The Zooarchaeology Interest Group has convened biweekly (Fridays from 11am to 1pm in the Archaeology Centre Board Room, AP140) since September 2007. We discuss new and old issues of zooarchaeological method and theory. We also host guest lecturers and provide a casual arena for our group members to present and receive input on their own research. Anyone who is interested in participating or attending these meetings can contact Dr. Genevieve Dewar ( firstname.lastname@example.org) for further information.
The Ceramics Interest Group is aimed at anyone working with, or interested in learning more about, ceramic artefacts, such as pottery, clay figurines or even architectural artefacts. Ceramics often form the most abundant traces of human activity in the archaeological record, as well as providing useful studies for ethnoarchaeological research, and experimental approaches, within current anthropology and archaeology. This interest group attracts a wide range of researchers, willing to share and explore the multidisciplinary techniques required to understand these complex facets of material culture. If you are interested in participating, please contact Stanley Klassen ( email@example.com) for more details.
The Cultural Heritage Interest Group of the University of Toronto's Archaeology Centre is dedicated to connecting and expanding scholarly and public discussions on the many issues surrounding the world's cultural heritage. Issues such as the trade, collection and repatriation of artifacts, the political appropriation or destruction of cultural heritage, and the heritage concerns of indigenous peoples, descendant groups and others are central to archaeology and link the discipline to diverse publics, including policymakers, museum professionals, community members, developers, law enforcement officers, resource managers, academics, and other stakeholders.
The Geographic Information Systems (GIS) Interest Group is aimed at providing a forum for the discussion of all matters relating to applications of GIS technology in archaeological research, as well as archaeoinformatics more generally. This group is intended for people with any level of background in GIS, and will accommodate familiarities with both open source and proprietary software packages. Discussions are tailored to the needs of the group and typically revolve around related readings assigned in advance of the biweekly meetings. GIS has become much more commonly used in archaeological research and management spheres of late, yielding a diverse range of applications from which to discuss both practical and theoretical aspects of the technology.
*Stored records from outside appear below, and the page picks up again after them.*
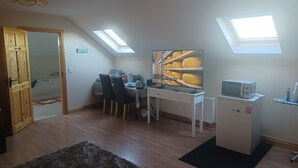 Ein gemütlicher Raum mit Essbereich, einer kleinen Küchenzeile und einem Oberlicht.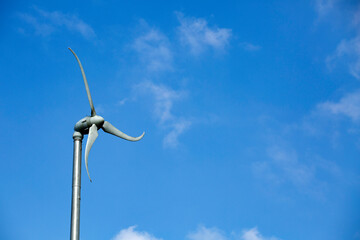 Renewable energy propeller with blue sky - Text space
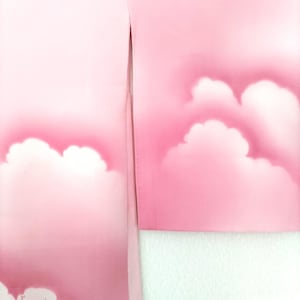 May include: Close-up of a pink fabric featuring a cloud design. White clouds are set against a gradient of pink shades. The fabric is folded, showing a white edge.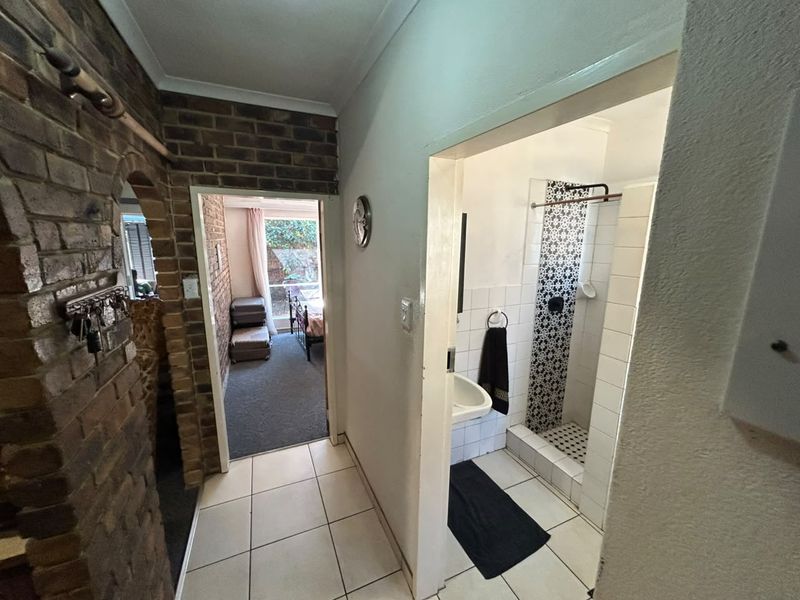 A hallway featuring exposed brickwork and tiled flooring, providing access to a bathroom with a shower and a bedroom beyond.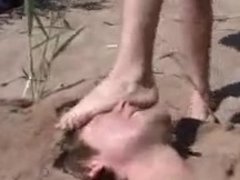 Slave gets feet trampling & humiliation on the beach by 2 mistresses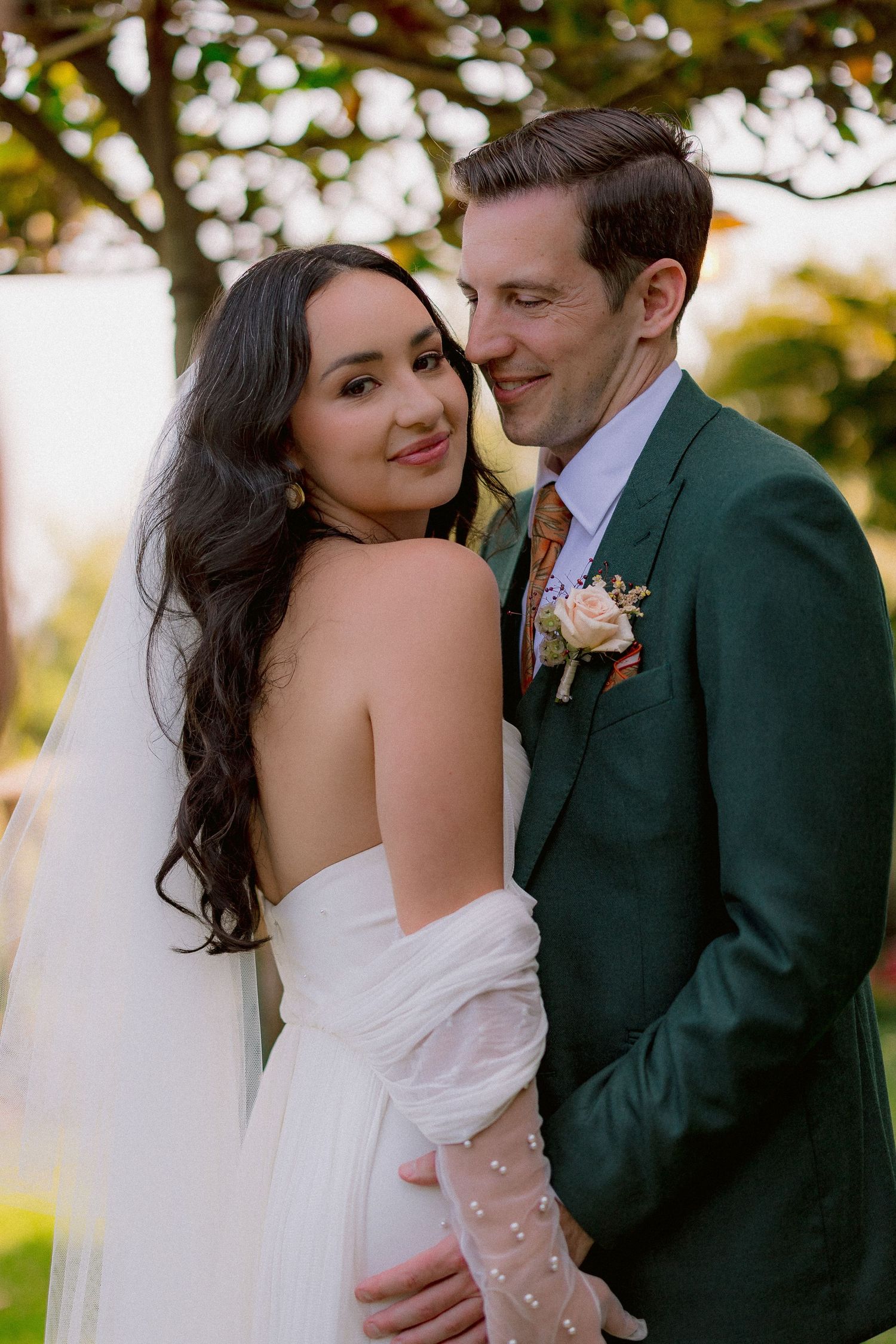 A romantic wedding couple embraces outdoors, with the bride in white and groom in green suit with floral boutonniere.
The Lithics Interest Group is open to anyone who would like to learn about and make stone tools. We have biweekly journal discussion and research talks with the occasional guest speaker, and we practice flintknapping. The Group has a global focus open to a wide range of technological method and theory topics. Anyone with an interest in stone tool technology and learning to flintknapp is encouraged to attend! For more information contact Amy Fox (firstname.lastname@example.org) or check the calendar to stop by our next event.
FOOD AND SUBSISTENCE
The Food and Subsistence Interest Group is an interdisciplinary effort to bring together researchers interested in topics like subsistence strategies, food production, diet reconstruction, and sociocultural studies of food. Food is a central component of human survival, cultural organization, and social identity. Although everyone must eat, the ways in which societies meet this need are as varied as the anthropological methods to study food practices. We will meet biweekly beginning in January 2015 to discuss journal articles, review theory and methods, and present research from a variety of geographical and temporal contexts. This group welcomes anthropologists from all sub-fields who have an interest in food and can bring cross-cultural insights from their own work and experience. Contact: Lindi Masur (email@example.com) for more information
The Archaeology Theory Interest Group was founded as a forum for discussion of the most recent theoretical approaches, including a wide variety of topics from innovative theoretical perspectives within our field, to new theoretical developments across the humanities and social sciences, forays into human-computer interaction, artificial life, space exploration and much more. Our mission is to make theory accessible and fun for everybody, regardless of their academic background, to encourage students to take creative theoretical approaches in their research, regardless of the subfield and time period they are working in and to foster interdisciplinary and transdisciplinary discussion. Members meet biweekly to discuss an article or other type of media, share ideas and listen to occasional guest speakers. Please contact Paulina Scheck (Paulina.firstname.lastname@example.org) for further information.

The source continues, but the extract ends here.